Ya sea en este o cualquier otro sitio en que se hable, se discuta, enseñe o se difunda la historia –así a secas o en cualquiera de sus muchas caras, de la oficial a las nuevas fake news–, todos, o mejor dicho casi todos, acabamos por reconocer que el no estudiar el pasado, desconocerlo, hacer caso omiso de su insistente presencia en nuestra vida cotidiana, es condenarnos no solo a repetir los errores una y otra vez, con más o menos variantes, sino a lo que es peor: a no encontrar los conocimientos, las técnicas, los procedimientos, las habilidades y actitudes, la organización social e individual necesarias para seguir transitando en las aguas del tiempo –de la historia– al ritmo universal que van dictando todos los sucesos que se dan de manera sincrónica en un momento determinado. Quien no conoce su pasado está condenado a repetir sus errores, luego entonces el pasado es más que nada y sobre todo una guía que nos indicaría cómo, a través de qué, haciendo o evitando, se puede obtener/ganar/cultivar una mejor vida, no hoy, sino mañana.
A raíz de la inauguración de la exposición “Crepúsculos que duran un instante” (octubre 23), en la Pinacoteca de Nuevo León, he insistido en que hay que verla –la exposición– no solo como la reunión más o menos ordenada de una serie de objetos simbólicos –su curaduría–, sino fundamentalmente como una muestra de historia. Como ya he hablado del tema, y seguiré hablando de él, este y los artículos de las próximas dos semanas, a menos que suceda un imponderable, los dedicaré a presentar y explicar lo que para mí podrían ser algunas de las lecciones que de la exposición se pueden desprender.
He dicho que los 200 años que abarca la muestra nos brindan un espacio inmejorable desde el cual se puede contemplar un rico pasado, lo suficientemente bien conocido en sus aspectos generales como para explicar el porqué de la ascendente historia.
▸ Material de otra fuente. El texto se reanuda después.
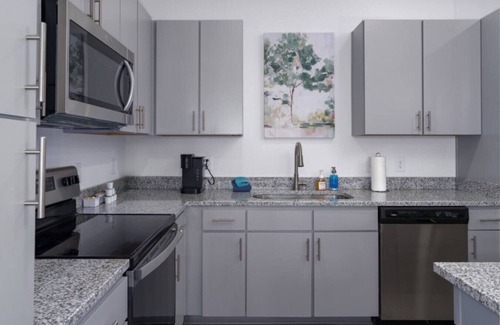 Pelham Apartment | Pet-Friendly Getaway with Pool & Gym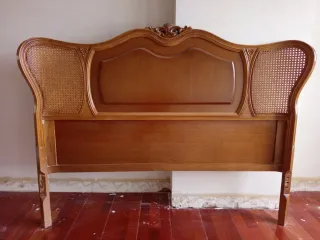 Cabecero de madera y ratán 135cm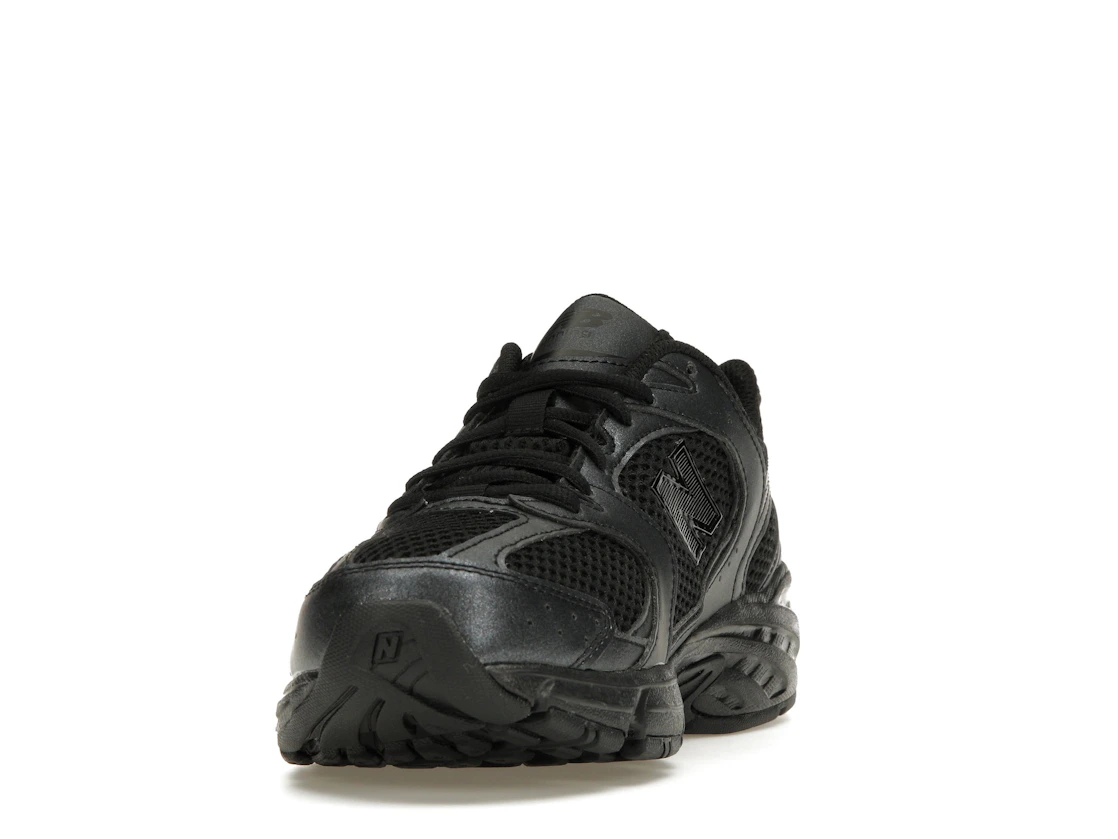 Vue 12 de New Balance 530 Black Dark Grey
Un complejo momento presente, que recibe la pesada herencia del pasado, que aun las últimas generaciones de la modernidad se encuentran procesando para de ahí levantar la vista por sobre el horizonte inmediato e intuir lo que pudiera estar por venir. Así pues la exposición se puede dividir naturalmente en tres grandes apartados: pasado, presente y futuro, que son los temas de este y los dos siguientes artículos.
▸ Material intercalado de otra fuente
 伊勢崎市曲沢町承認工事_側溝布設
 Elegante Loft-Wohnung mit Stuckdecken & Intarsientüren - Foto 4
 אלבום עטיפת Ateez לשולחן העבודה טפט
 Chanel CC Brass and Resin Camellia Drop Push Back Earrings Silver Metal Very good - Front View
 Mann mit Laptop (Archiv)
Históricamente la enseñanza de las artes en nuestro país recayó desde su fundación en 1781 en la Real Academia de las Tres Nobles Artes de San Carlos de México, sistema virreinal heredado a la nueva República. Su orientación, objetivos, materias y distribución en cursos, lejos de modificarse a fondo, lo mismo en su estructura que en organización, continuó repitiendo el mismo modelo, sin embargo, la gran novedad para la “nueva” academia será el número creciente de alumnos becados presentes en todas las academias europeas, por lo que el arte del XIX en México es académico, pero también, y por las mismas razones, es romántico y por ser romántico lleva en su seno al nacionalismo, ideología y corriente estética, que dará tan buenos frutos para el arte de nuestro país al llegar el siglo XX. La presencia de una pintura del maestro Rubén Herrera en estas primeras salas de la exhibición nos permite ubicarnos como estado, como habitantes aficionados o profesionales de la producción artística respecto a lo que se discutía en otras latitudes.